Effective professional development programs seek to engage teacher agency in enacting their learning. Calvert (2016) defines teacher agency as the potential for teachers to act with purpose to connect professional learning with their individual and collective growth. Integrating learning that tunes into agency facilitates intrinsic motivation and engagement. Guskey (1986), for example, maintains a link between self-efficacy and teacher change, and Clarke and Hollingsworth (2002) illustrate connections between teacher learning, classroom enactment, reflection, feedback, and teacher intrinsic beliefs.
Mechanisms for Sustainability
In any environment, professional development models will fail unless leaders deliberately consider mechanisms for programmatic sustainability. Desimone and Garet (2015) posit that leadership and funding structures act as current challenges for professional development programs. Furthermore, Desimone and Stuckey (2014) explain that fidelity of implementation may create barriers for continuous sustainability of professional development opportunities.

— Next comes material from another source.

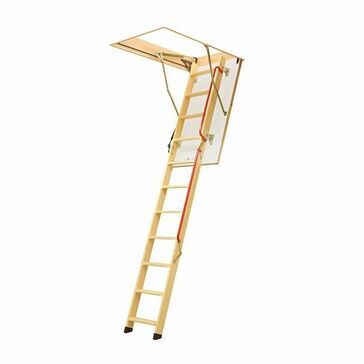 Fakro LWL Extra Folding Wooden Loft Ladder & Hatch with Support Mechanism - 280cm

In any environment, professional development models will fail unless leaders deliberately consider mechanisms for programmatic sustainability.
Considerations of sustainability and nimbleness during the pandemic offers leaders the opportunity to facilitate systemic change and improvement across networks. Through improvement science, for instance, leaders can enact change that is centered on the problem and its stakeholders, analyze variability through deliberate measurement and data collection, engage in systemic inquiry, and cultivate networks toward continuous improvement (Bryk et al., 2015). In this changing world, examining context-specific elements of systems such as governance, instruction, human capacity and resources, and data enables leaders to understand the factors that may promote or inhibit future growth (Bryk et al., 2015).
2020 may have brought forth extraordinary challenges, but it may also offer unique opportunities to leverage growth toward a more equitable future. While maintaining a commitment to supporting teachers with existing research, educational leaders may devise innovative methods to address increasing demands and shifts within our current and future society.